Data excerpts:
========================
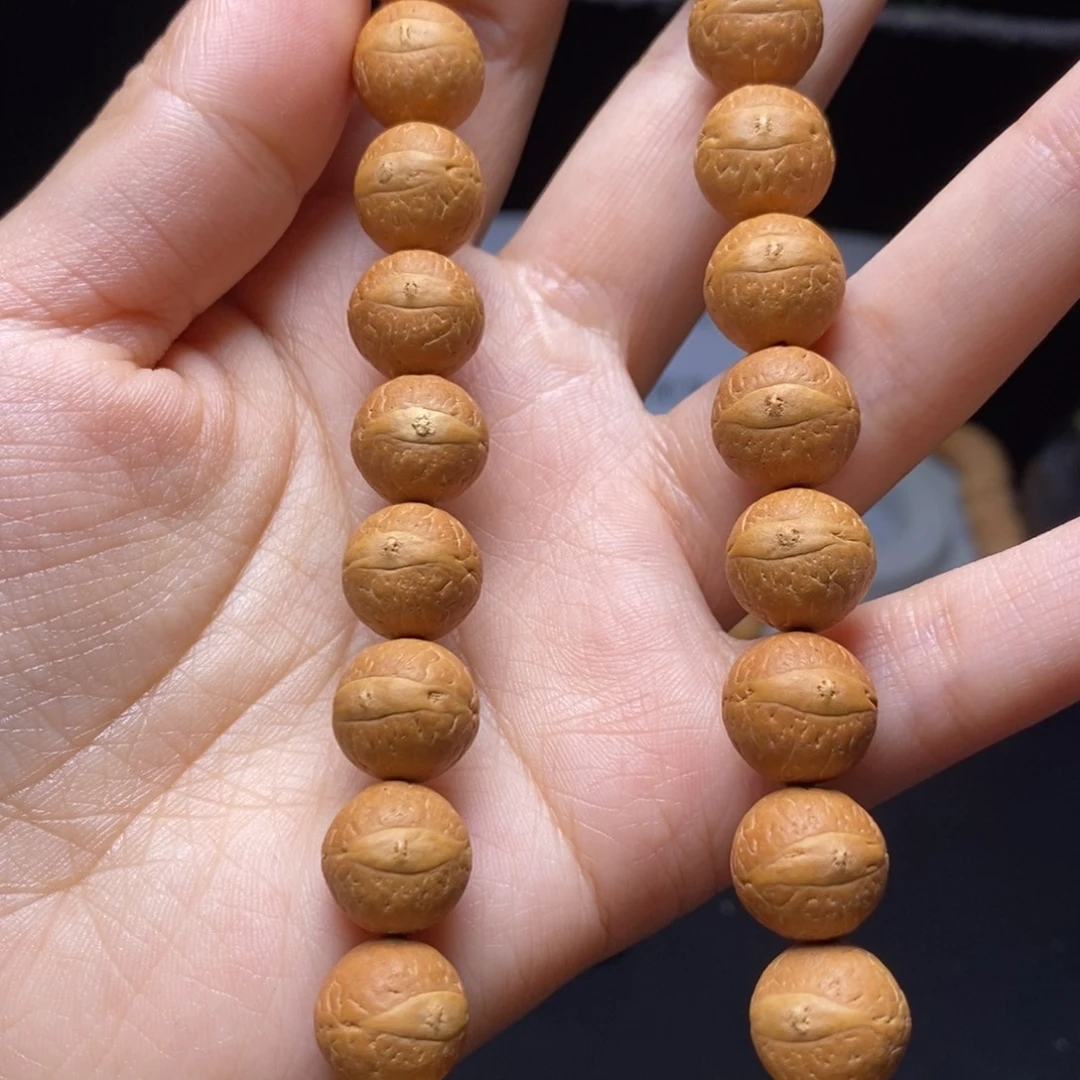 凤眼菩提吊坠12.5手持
========================
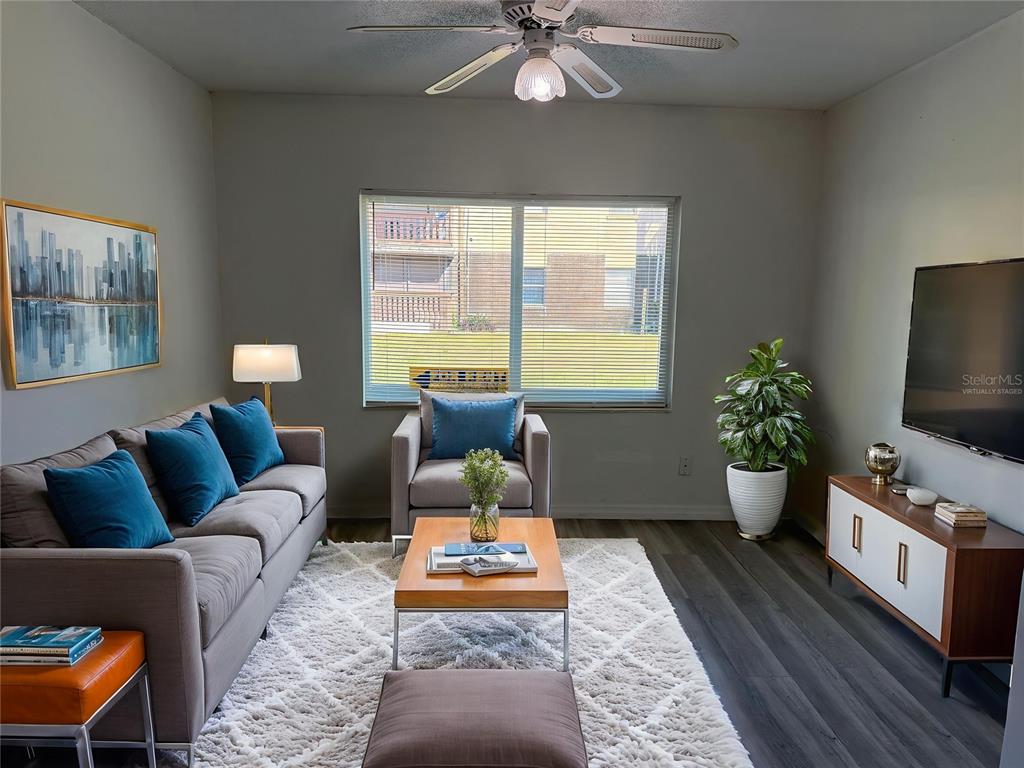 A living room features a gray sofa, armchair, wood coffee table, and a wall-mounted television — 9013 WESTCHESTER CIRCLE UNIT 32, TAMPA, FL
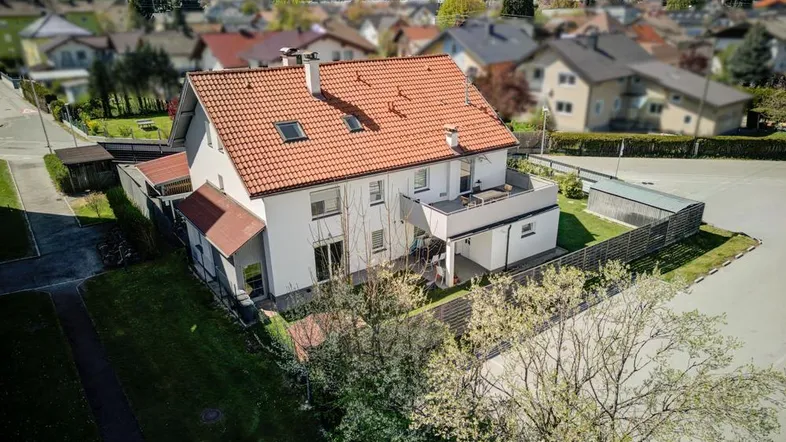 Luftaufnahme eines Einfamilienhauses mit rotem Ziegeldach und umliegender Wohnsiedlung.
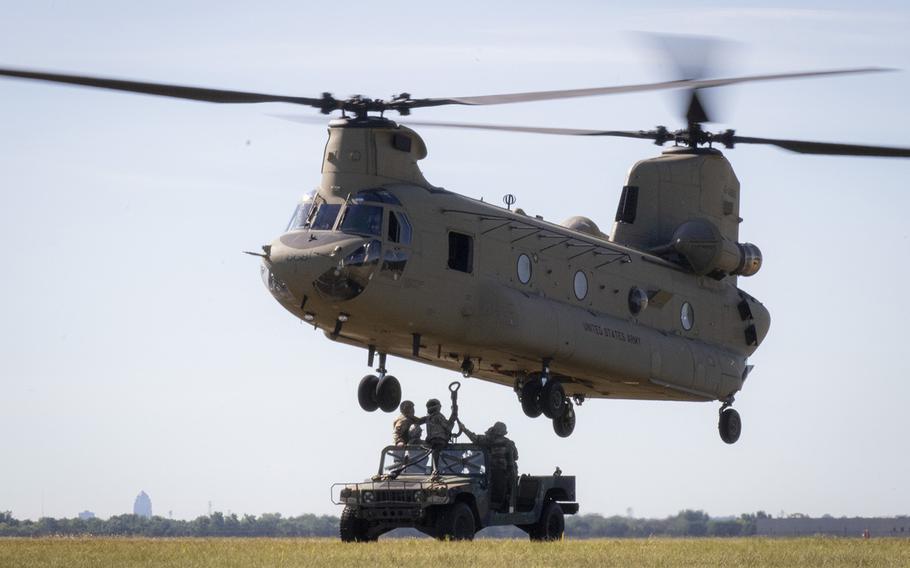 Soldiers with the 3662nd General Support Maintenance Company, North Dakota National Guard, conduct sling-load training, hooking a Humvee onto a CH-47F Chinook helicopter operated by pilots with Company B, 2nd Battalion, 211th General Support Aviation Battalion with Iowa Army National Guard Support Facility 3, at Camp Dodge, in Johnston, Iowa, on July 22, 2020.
========================
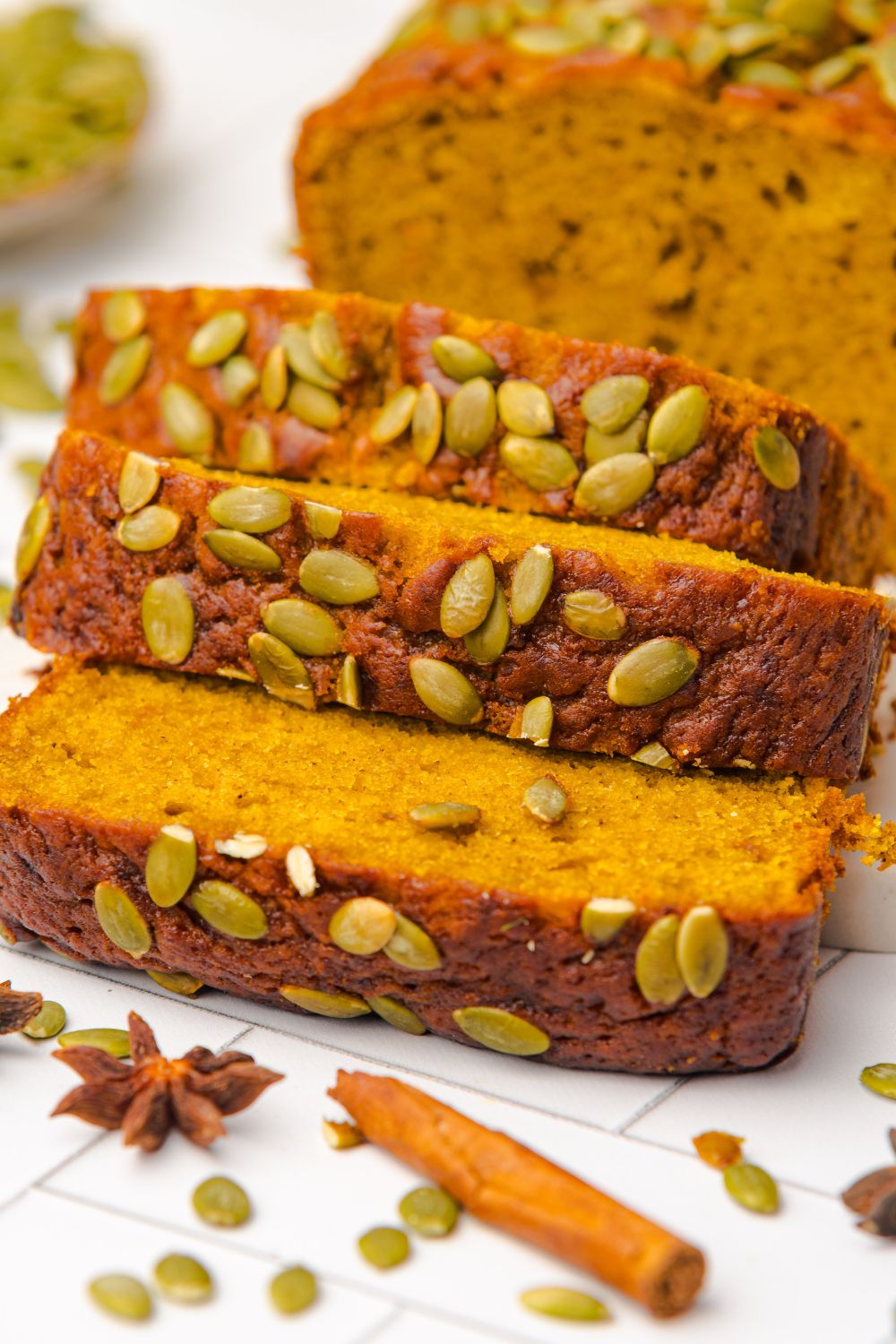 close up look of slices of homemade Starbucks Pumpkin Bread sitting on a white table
========================
Your assignment:
With pictures omitted, repeat the entries above word for word from the line holding "A living room" down to the line holding "Soldiers with the", keeping both of those lines.

Written reply:
 A living room features a gray sofa, armchair, wood coffee table, and a wall-mounted television — 9013 WESTCHESTER CIRCLE UNIT 32, TAMPA, FL
 Luftaufnahme eines Einfamilienhauses mit rotem Ziegeldach und umliegender Wohnsiedlung.
 Soldiers with the 3662nd General Support Maintenance Company, North Dakota National Guard, conduct sling-load training, hooking a Humvee onto a CH-47F Chinook helicopter operated by pilots with Company B, 2nd Battalion, 211th General Support Aviation Battalion with Iowa Army National Guard Support Facility 3, at Camp Dodge, in Johnston, Iowa, on July 22, 2020.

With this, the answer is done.